Target 40 is out of bounds for nn.CrossEntropyLoss()

wangmyde · May 2, 2020, 2:27am

I create a custom image data set like:

from torch.utils.data.dataset import Dataset
from PIL import Image
import torchvision
from torchvision import datasets, models, transforms
import numpy as np

class MyCustomDataset(Dataset):
    def __init__(self, df, transforms=None):


        """
        Args:
            df (pandas.DataFrame): path to images and in dataframe
            transforms: pytorch transforms for transforms and tensor conversion
        """
        # Transforms
        self.transforms = transforms
        # Read the dataframe
        self.data_info = df              
        # First column contains the image paths
        self.image_arr = np.asarray(self.data_info.iloc[:, 0])
        # Second column is the labels
        self.label_arr = np.asarray(self.data_info.iloc[:, 1])
        # Calculate len
        self.data_len = len(self.data_info.index)

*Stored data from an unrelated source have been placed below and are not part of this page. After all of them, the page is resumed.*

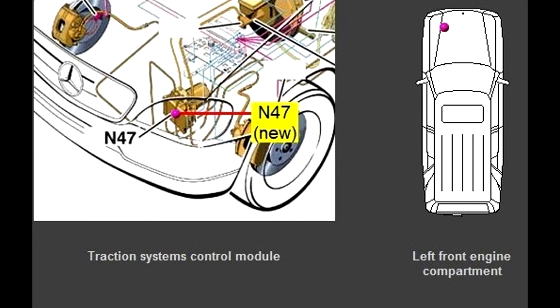Where is the ESP sensor located? It is located in the engine compartment. The control unit takes over the electrical and electronic tasks as well as all control functions of the system.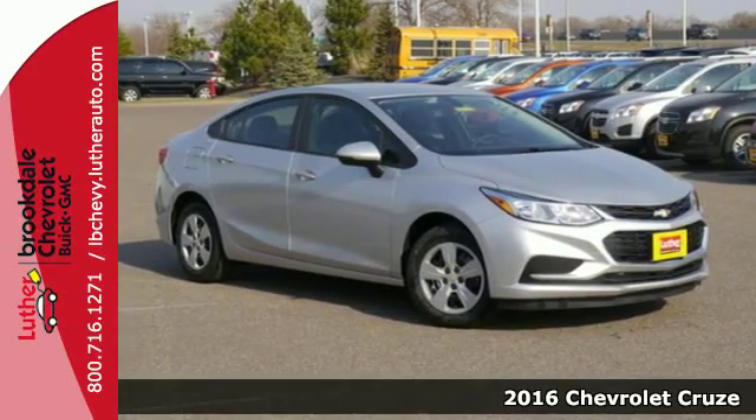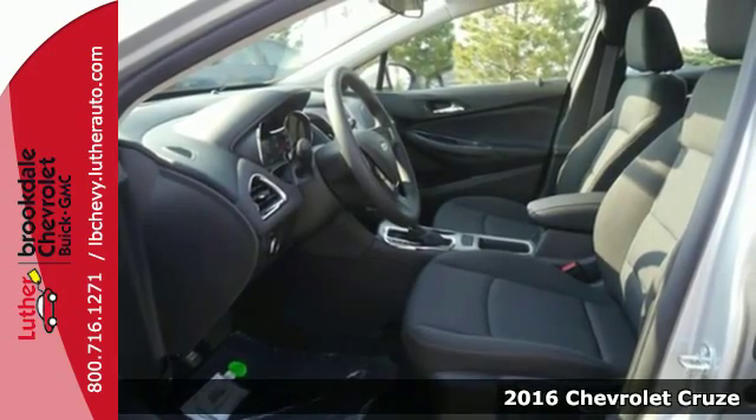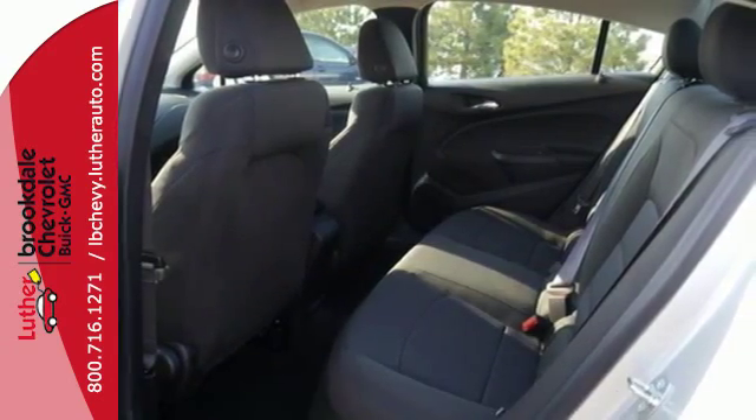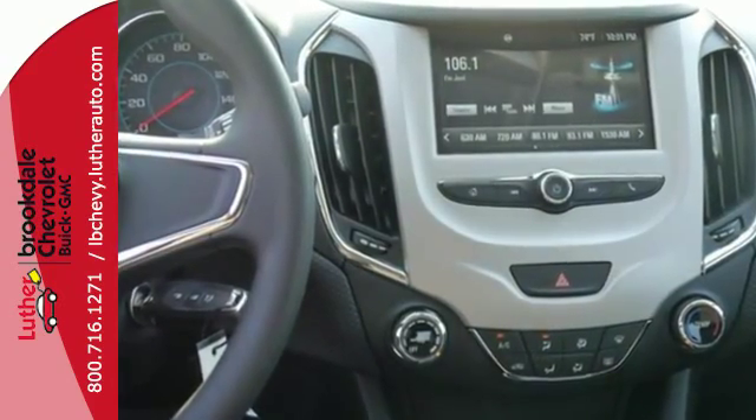Here's a 2016 Chevrolet Cruze. Sit back and enjoy a peaceful, quiet journey with acoustical insulation keeping the noisy world away, while a powerful 1.4 liter turbocharged engine whisks you off on your next adventure.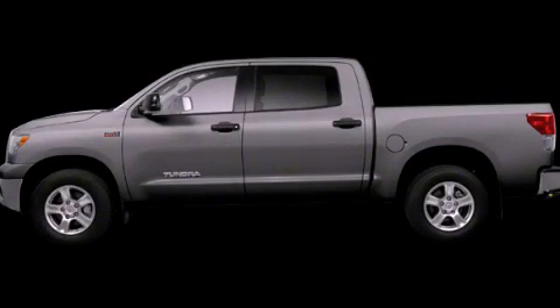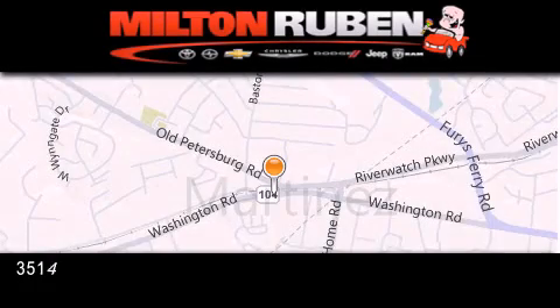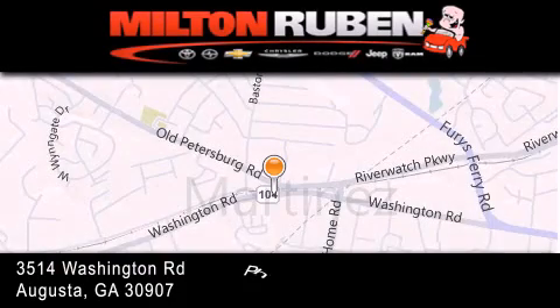Stop by today and test drive this automobile for yourself. Come experience the Drive Baby advantage here at the Milton Rubin Superstore.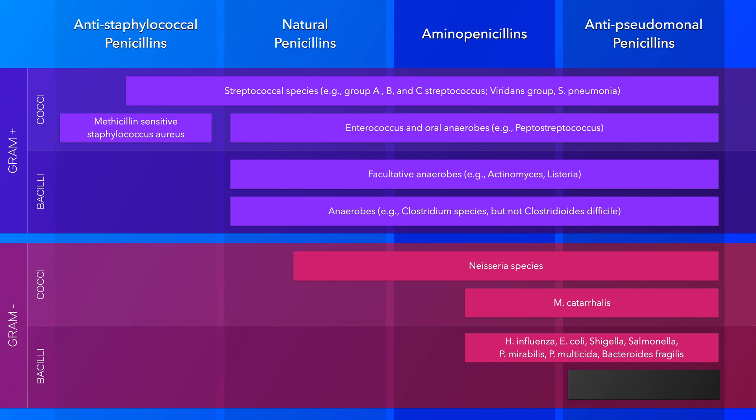For example, amoxicillin is often used first-line for middle ear infections, which can be caused by non-beta-lactamase producing strains of Haemophilus influenzae. And when susceptible, aminopenicillins can also be used to treat urinary tract infections due to E. coli, and if indicated, enteric infections due to Salmonella or Shigella.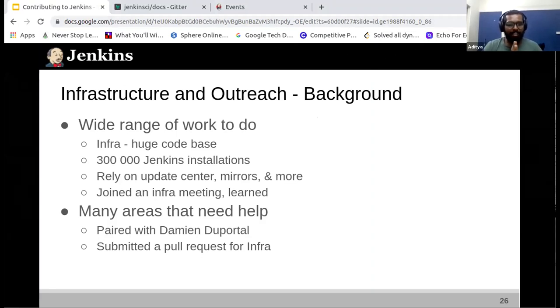There are many areas that need help. I had no prior knowledge of how the AKS upgrade was done. I paired with Damien and he was really helpful — he held my hand through the process. We hopped on a meeting, I shared my screen, he guided me on what to do. I submitted my first pull request for Infra just two days back, so I am pretty new at this as well.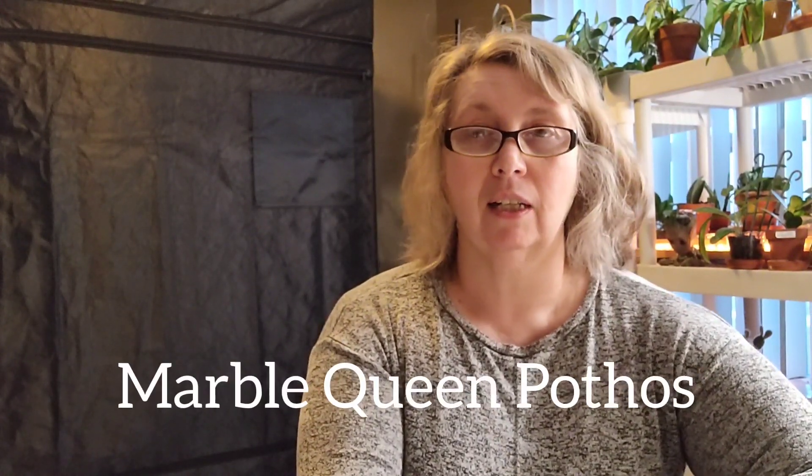That's my number one plant update. My number two plant update is my Marble Queen Pothos. This one I have at home. This picture was taken in July of 2021, so it's been a bit more of a slow grower. I have had it in an east-facing window. Here's my before picture.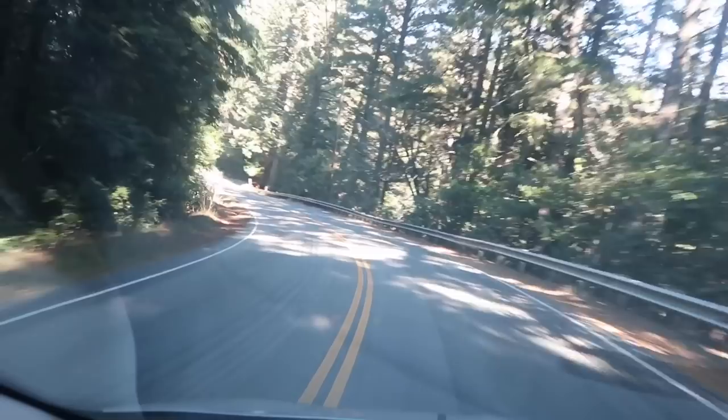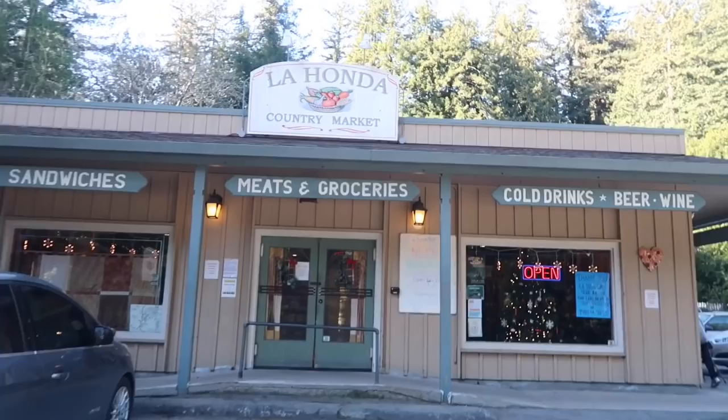Okay, we're going to keep going. So I just pulled over in La Honda, and there's just like a little post office and a little country market here. I'll see if I can get a healthy snack in there.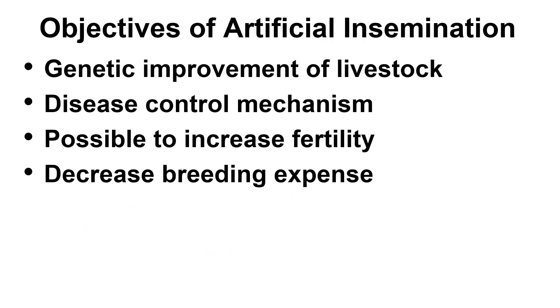So why do we do artificial insemination? These are the main objectives: first is the genetic improvement of livestock.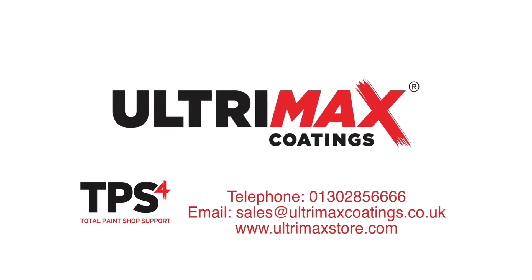In summary, need more help on choosing a drying room? Our Total Paint Shop Support Team can help you with any inquiries relating to your paint drying room setup. Give us a call at 01302 856666 or email sales@ultramaxcoatings.co.uk.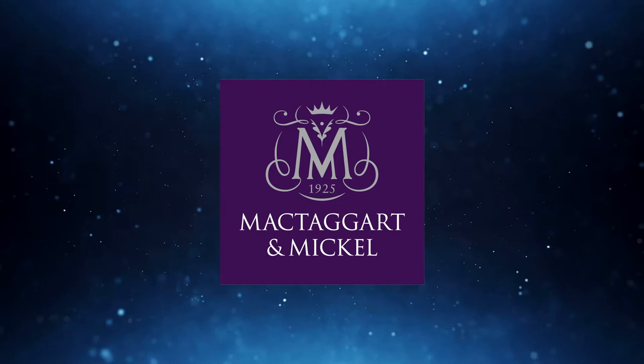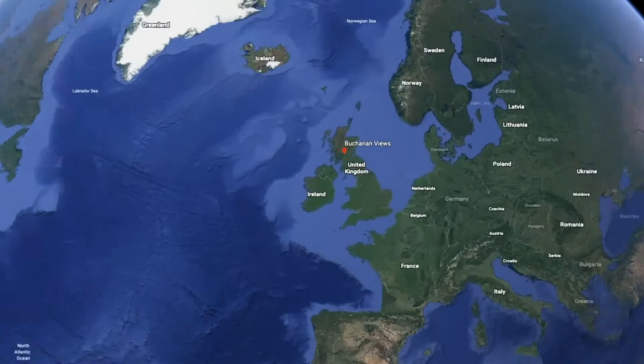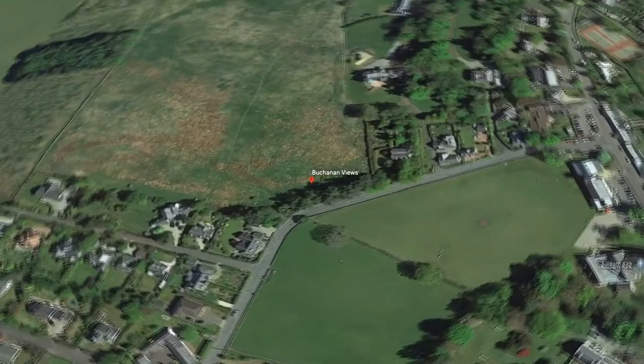Buchanan Views, by McTaggart and Mickle, embodies the traditional look and feel of Killearn Conservation Village, with spectacular views across Ben Lomond and Loch Lomond National Park. Buchanan Views comprises 24 family, highly sustainable contemporary homes responding to the needs of the local community.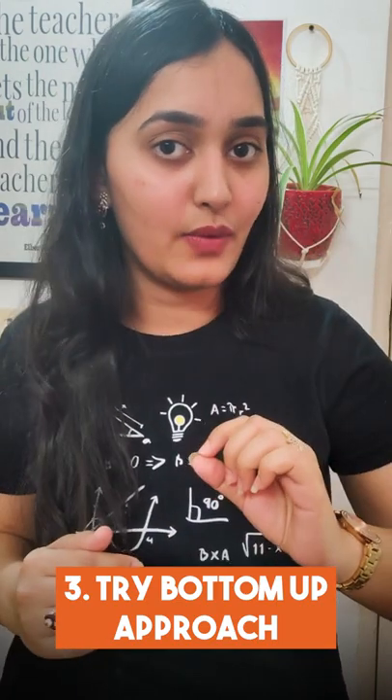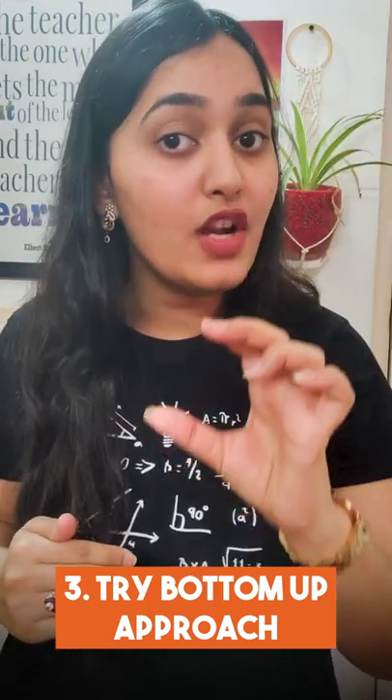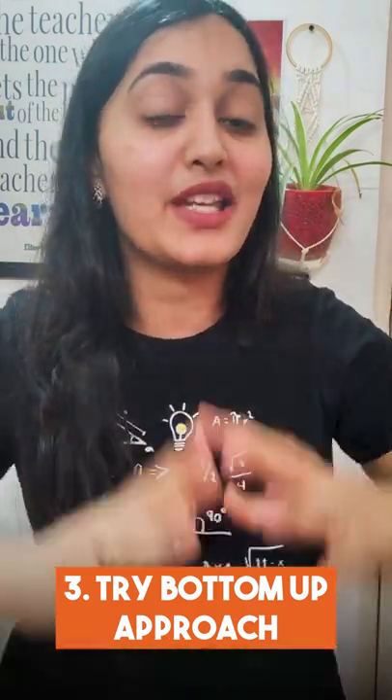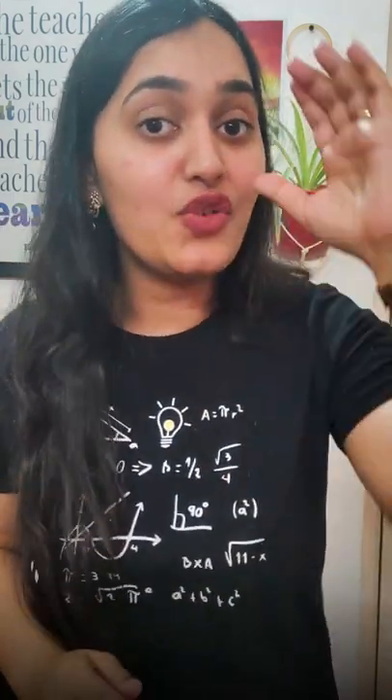Think about what is asked in the question. Once you know what is asked, what is given, and what formulas are related, you will be able to bridge this gap and attempt the question. Even if you are not able to solve it completely, at least you will get step marks for writing something. So try it out. All the best!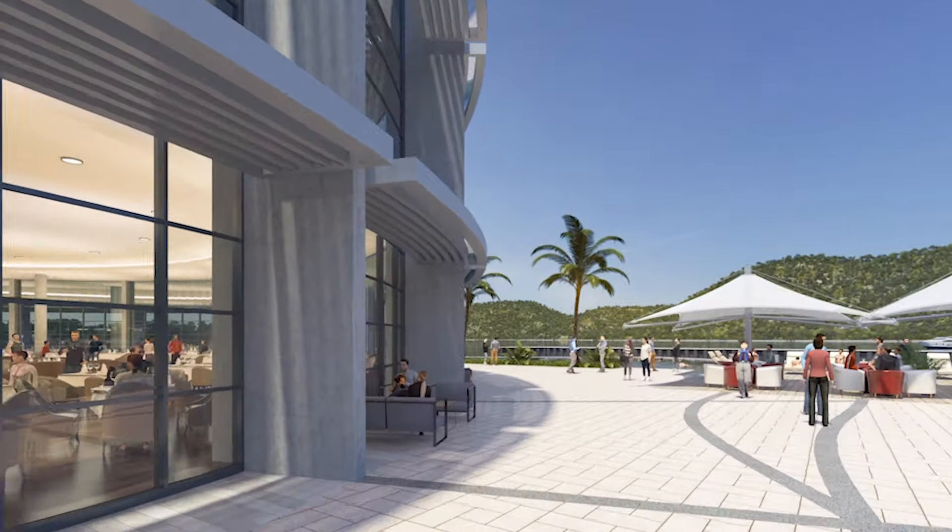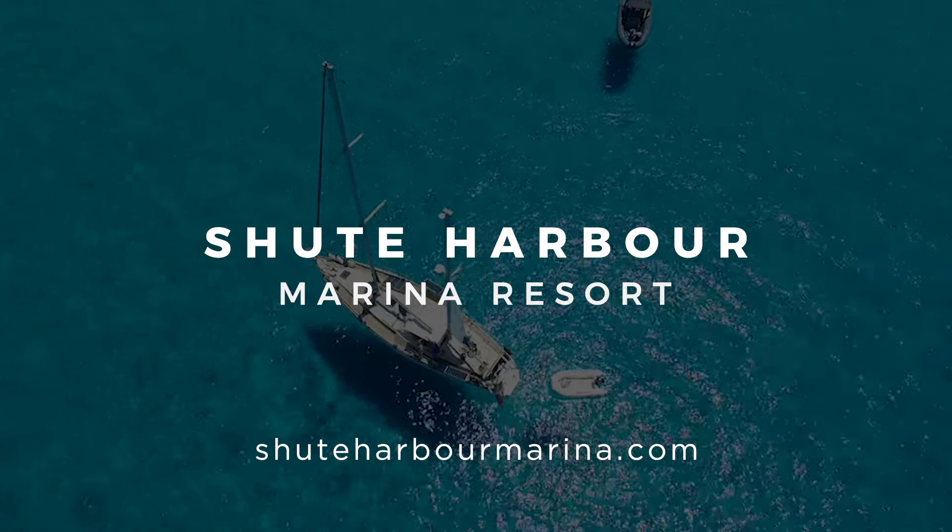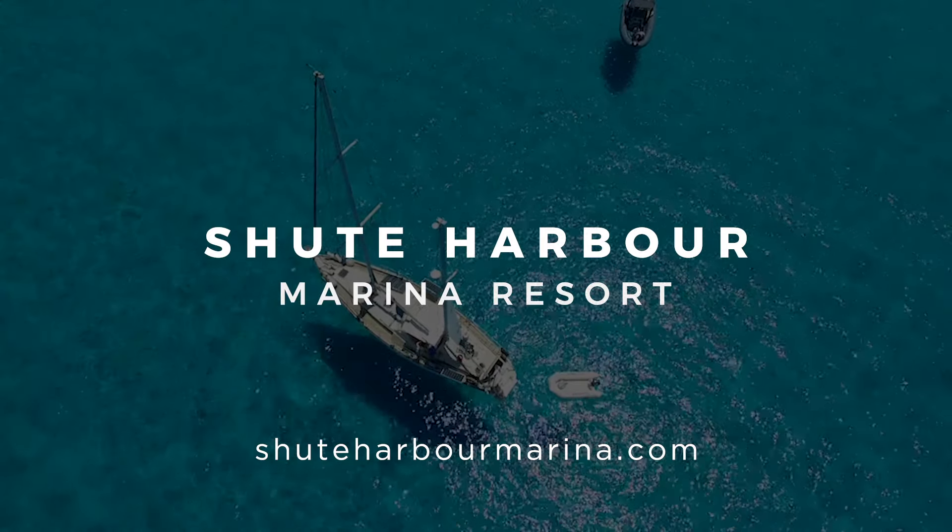Own your piece of paradise with limited fixed price waterfront homes and berths ranging from 10 to 35 metres. Visit ChuteHarbourMarina.com to find out more.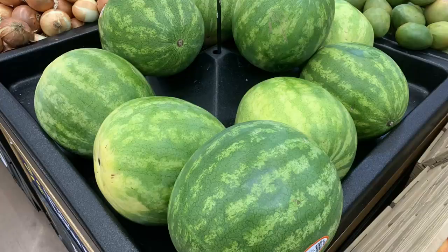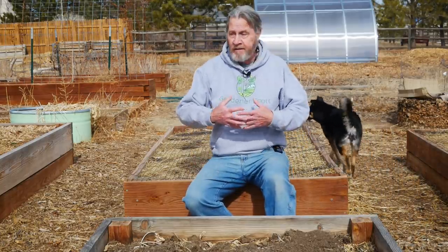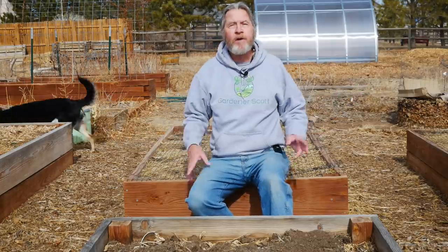Watermelons are another crop you might want to reconsider. A melon vine takes up a lot of space. A bed like this can only handle a couple plants before they sprawl everywhere, onto the path and even interfering with other beds. If you live in an area like mine with a short season, you might not even be able to grow watermelon in the time you have. It's another crop that at the store in summer or from a farm stand, you can get delicious melon for very little cost.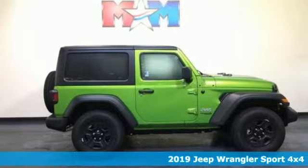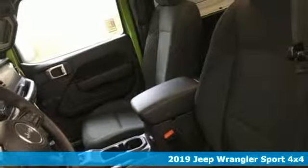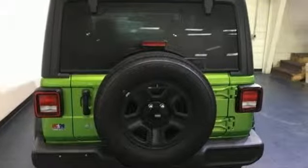It's a new 2019 Jeep Wrangler. With legendary off-road capability, the world opens up to endless possibilities. It comes with the features you need, and better yet, want.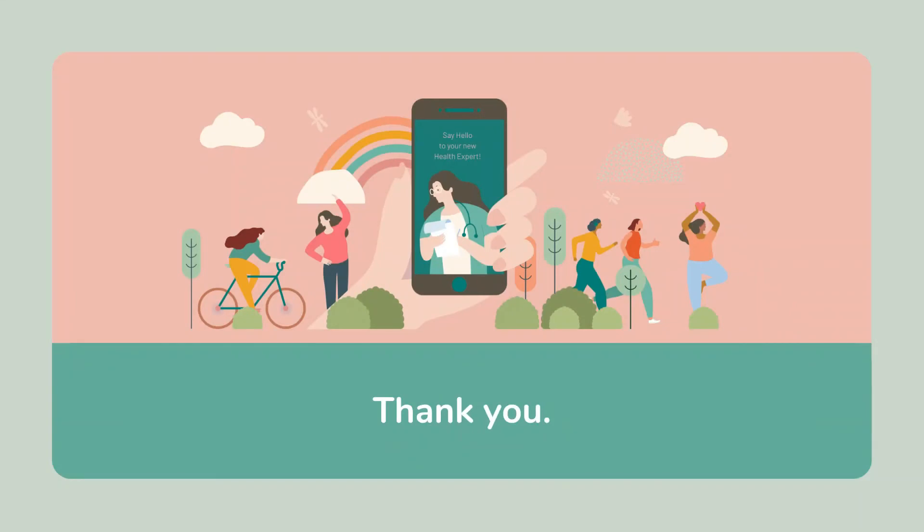I hope this video was useful. Until I meet you in the next video, take care.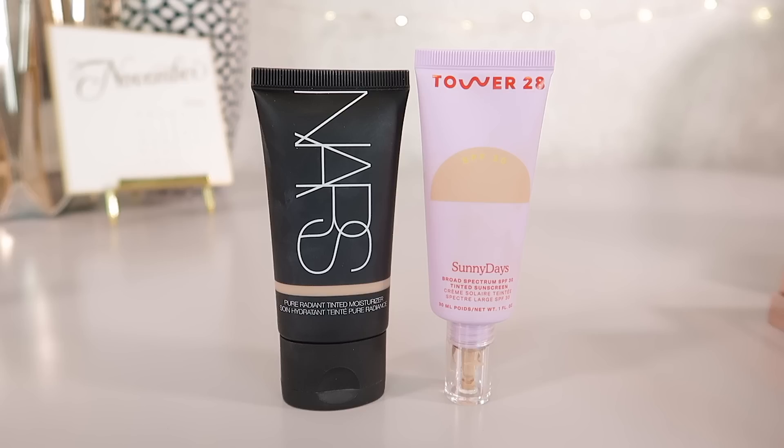I have now been using the Tower 28 Sunny Days Tint a lot more — I love this one, you guys. It has definitely replaced the NARS. Both are great though. A part of me is like, it's not that I hate the NARS product, it's just that now I have this one and I must like it a little bit more. This one seems to give me a little bit more glow, while the NARS has more coverage. I'm more so for the glow versus coverage this year anyway.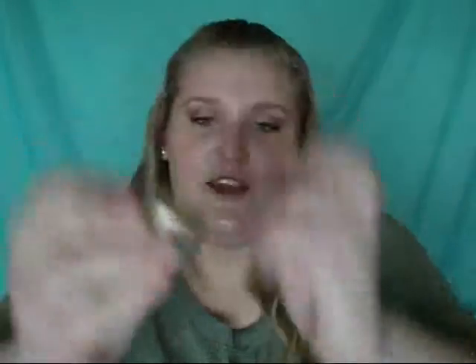This one is the Maybelline Color Tattoo Metal in Barely Branded. It's from their new line and I'm pretty sure these are permanent. It took me a long time to finally find this one, but it's a nice creamy champagne color and it's really pigmented. Some of my other ones, like my Taupe one, are really dry and not as soft as this one. I've been using it all over my lid and it has primer built in, so it's really opaque — you can just wear that on its own if you wanted to.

    def __getitem__(self, index):
        # Get image name from the pandas df
        single_image_name = self.image_arr[index]
        # Open image
        img_as_img = Image.open(single_image_name)

        img_as_tensor= self.transforms(img_as_img)
        # Get label(class) of the image based on the cropped pandas column
        single_image_label = self.label_arr[index]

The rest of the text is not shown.